于是當天晚上,我就發現自己屋里平白多了一碗肉丸和面片煮成的熱湯。
每天如此,雷打不動。
就這樣,我喝了一個月陌生人投喂的肉丸面片湯。
直到有一次因為意外摸進了寧言秋的院子。
寧言秋是天生的修真奇才,十三歲引氣入體,一雙手寫過符篆,布過陣法,斬殺的妖獸更是不計其數。
唯獨在做飯這事兒上缺點兒天賦。
他將肉丸一個一個仔細包進面皮中,又在湯鍋中把它們煮得分崩離析。
我眉頭都皺成了川字,嫌棄得不行,最后卻什麼都沒做,只乖乖回了自己的住處練功。
晚上,我的桌上照舊出現了一碗肉丸面片湯。
分明是一點兒也談不上好吃的東西,我卻嘗出了些其他的滋味兒。
但這也沒能動搖他白天將我吊在樹上打的習慣。
尤其是發現我吃飽了也照樣頑劣不堪以后。
我這邊吃得正歡,寧姑娘又羞怯地給我看她新綰的發髻。
用的正是我送她的那根簪子。
雖然但是,「奇形怪狀符」還沒有失效。
她用的依舊是寧言秋的臉……
寧言秋穿女裝綰發髻,還一臉嬌羞問我她簪得好不好看。
而我則要一臉真誠地附和:「好看,真的好看!」
……
我司年壞事做盡,會有今天也是罪有應得。
22.
距離下一個朔月也就剩下不到五天。
算下來寧姑娘的「奇形怪狀符」
也該失效了。
朔月至,大封周圍的冰原才得以靠近。
從宗門來此地的弟子雖然插手不了加固無妄海大封的活兒,但為了防止魔修趁機興風作浪,必定也會有不少人在朔月當天進入冰原。
為今之計只能把她一起帶過去。
萬一到時候真的和那個用攝魂鈴的魔修打起來,其余的宗門弟子對她一個身無長物的弱女子多少也能照拂一二。

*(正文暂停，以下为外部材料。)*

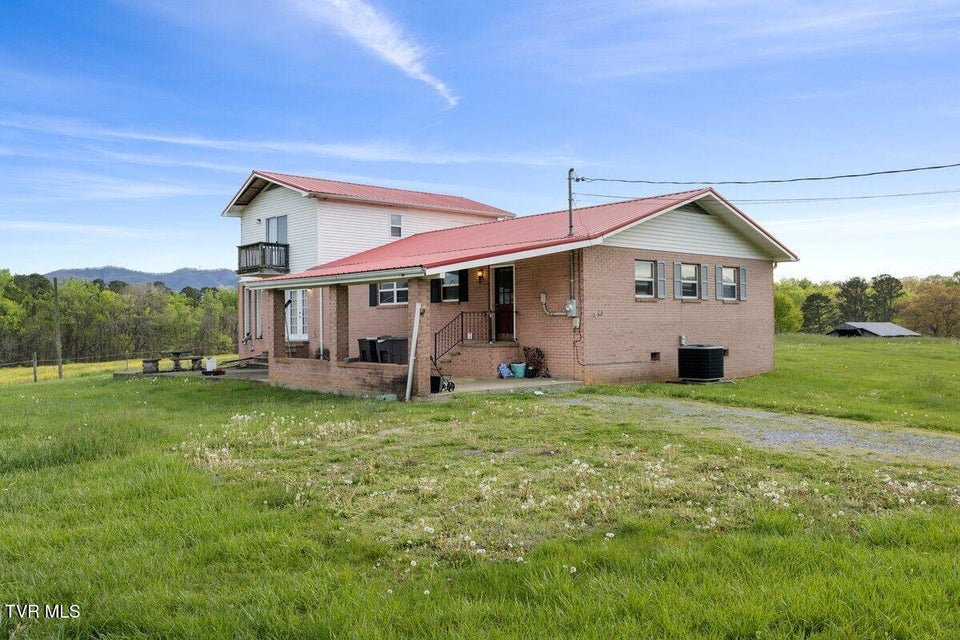 Photo #2: 145 Moccasin Lane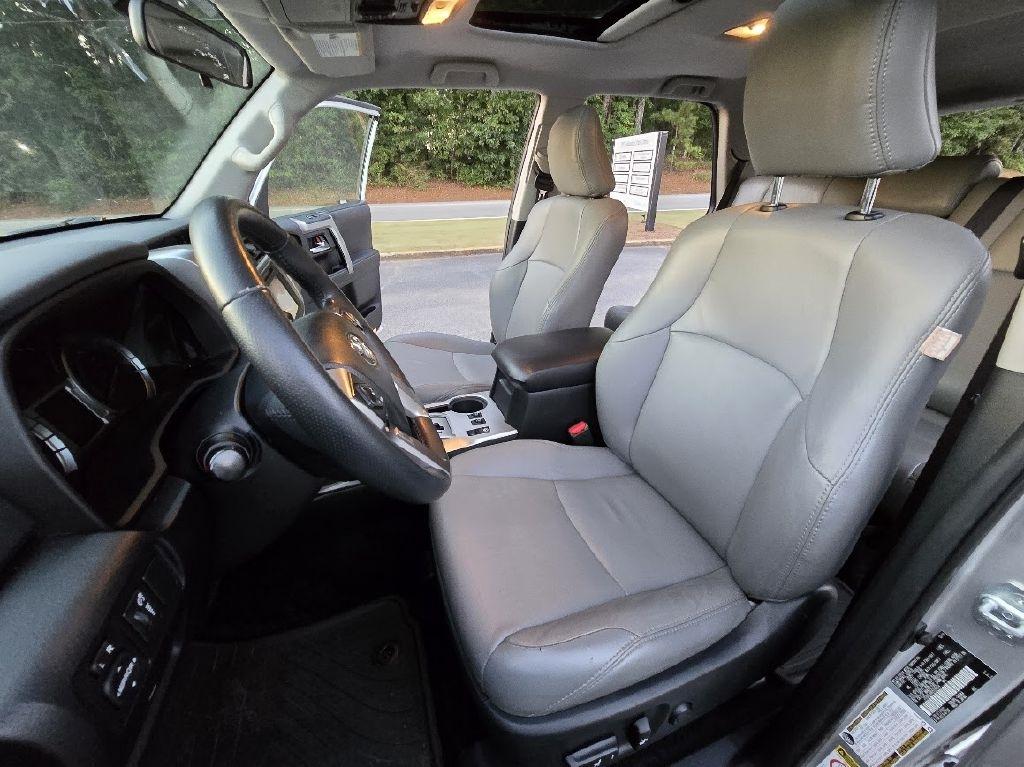 Toyota 4Runner SR5 4WD 2016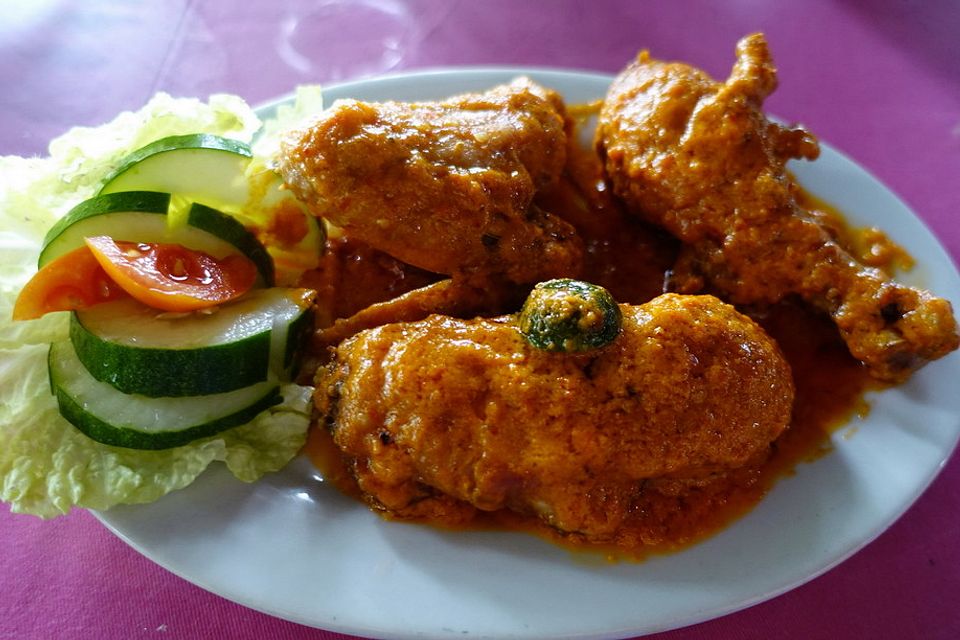 Frittierte Hühnerschenkel in würziger Kokosnusssauce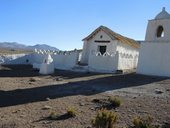 Osada Villacollo s kostelíkem se samostatnou zvonicí, Chile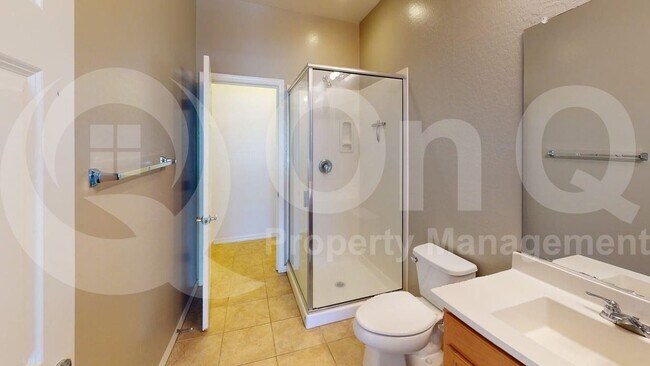 Building Photo - 14425 W Dahlia Dr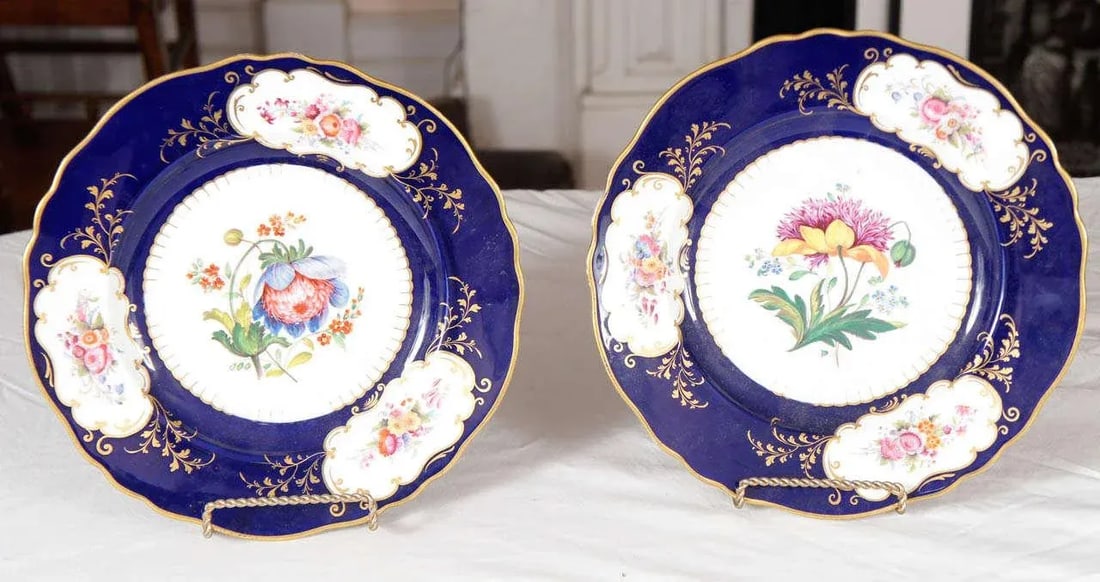 Similar Ridgway Porcelain Service Plates - a Pair - 2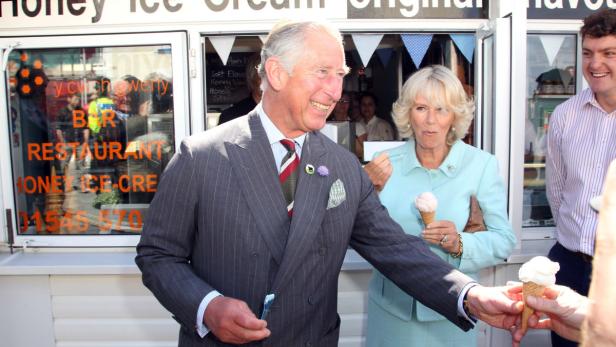 König Charles und Königin Camilla essen Eis vor einem Eiswagen.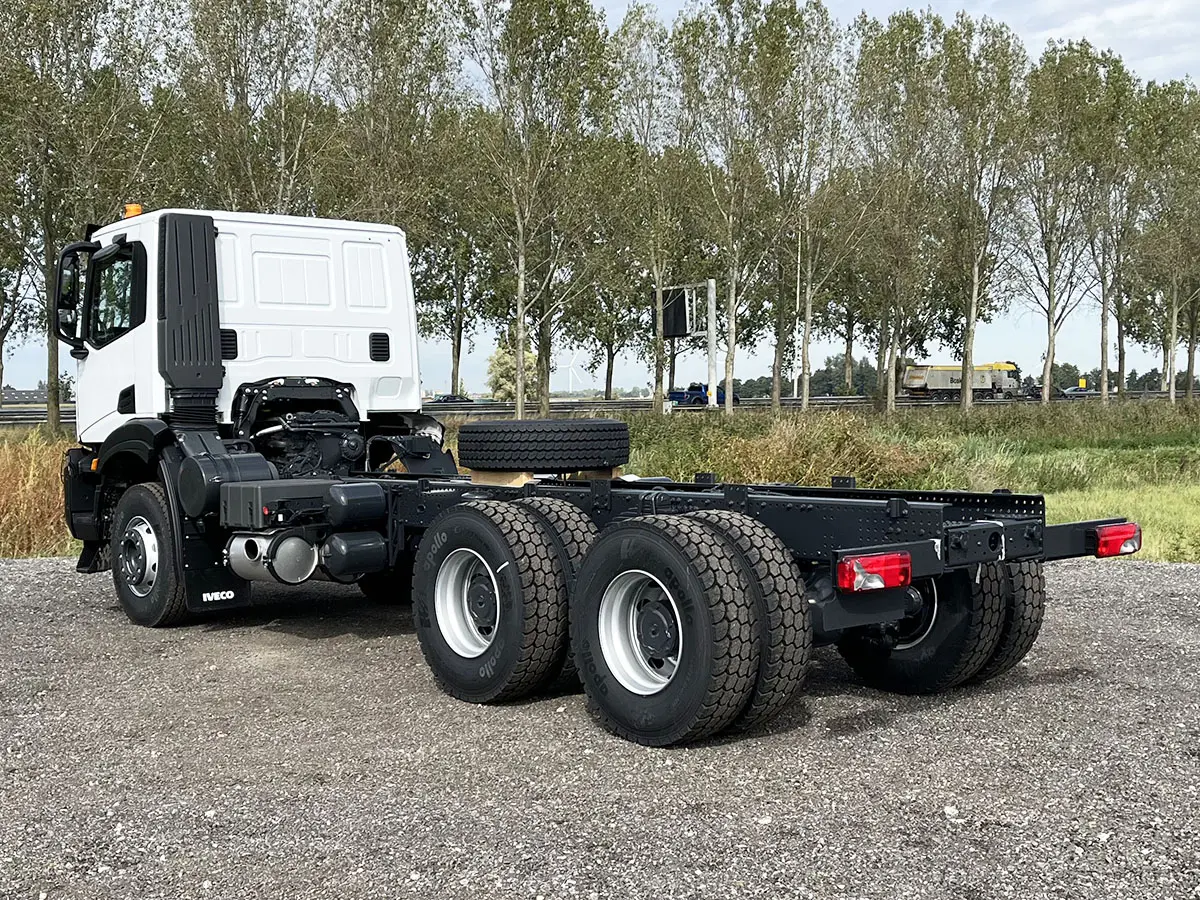 Iveco T-Way AD380T43H-4200 AT 6x4 Châssis Cabine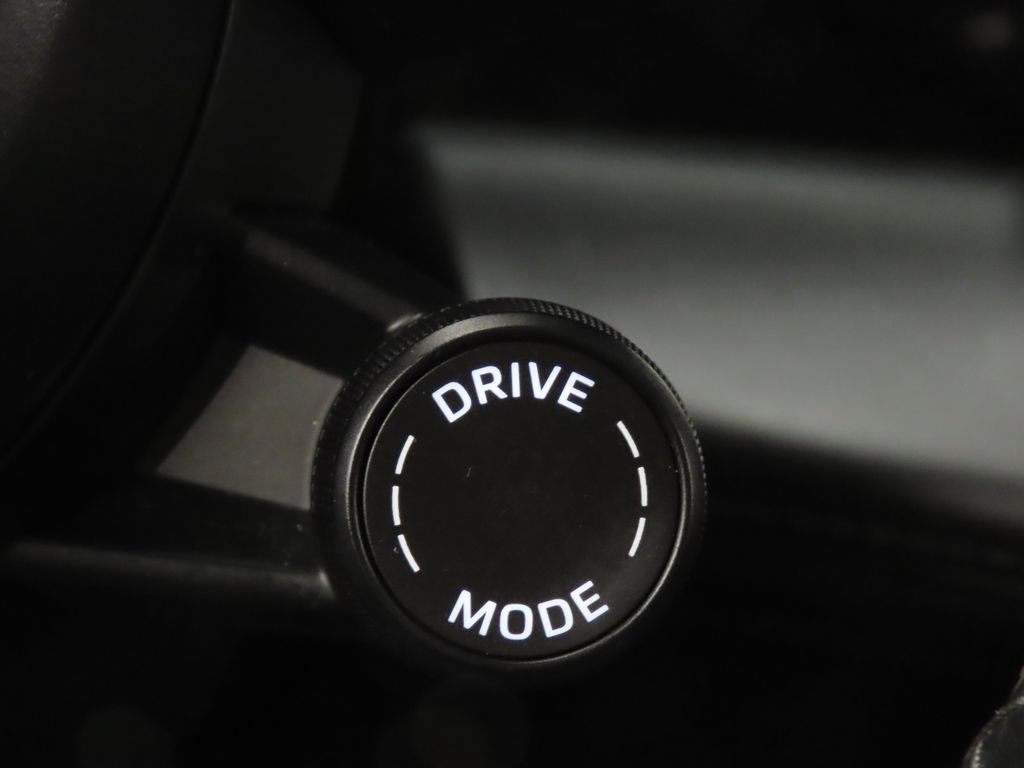 Certified 2022 Porsche Taycan Turbo S AWD/4WD image 22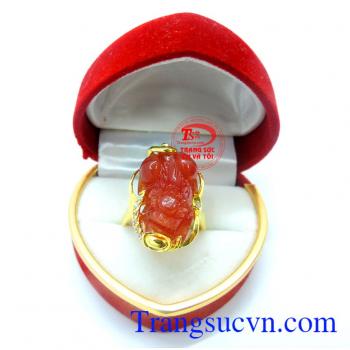 Nhẫn nữ đá đỏ kiểu đẹp trẻ trung.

三師弟聽了卻湊過來說反正自己一時半會也回不了靈犀山,不如就留下保護寧姑娘。
我也正奇怪這事兒。
他這副模樣肯定也用了老東西的「奇形怪狀符」。
但被派來探查魔氣外泄的弟子早就到了。
而修補魔族大封的基本只有宗門的長老或者修為拔尖的大弟子。
剩下諸如我與幾個師弟這種高不成低不就的,這時候往往只會被安排守山。
一問才知道,原來這小子是被師尊轟出來尋找我和寧姑娘下落的。
「那師尊呢?」
三師弟:「啊,我之前沒說嗎?他比我晚一天動身,應該已經到了。」
「……」
「大師姐!大師姐有話好好說不值得動用本命法寶啊!」
屋里正雞飛狗跳,外面忽然傳來一陣異響。
「天狗食月啦!」
不知是誰叫喊一聲,我推開窗戶,果然見月亮已被黑暗吞噬了一般。
「是月食……」
雖然還不清楚這個異象代表了什麼,但身體已經下意識地先行一步。
「保護好寧姑娘!」
叮囑了三師弟,我召喚出佩劍,從窗欞躍身而出。
黑暗中,唯見一道道靈劍的光尾騰飛而起。
23.
進入冰原后,才發現大封外圍對于修真者的限制消失了。
我們御劍落地。
月食已經結束,冷白的月輝下,冰原的中心似乎有紅霧翻涌壓境而來。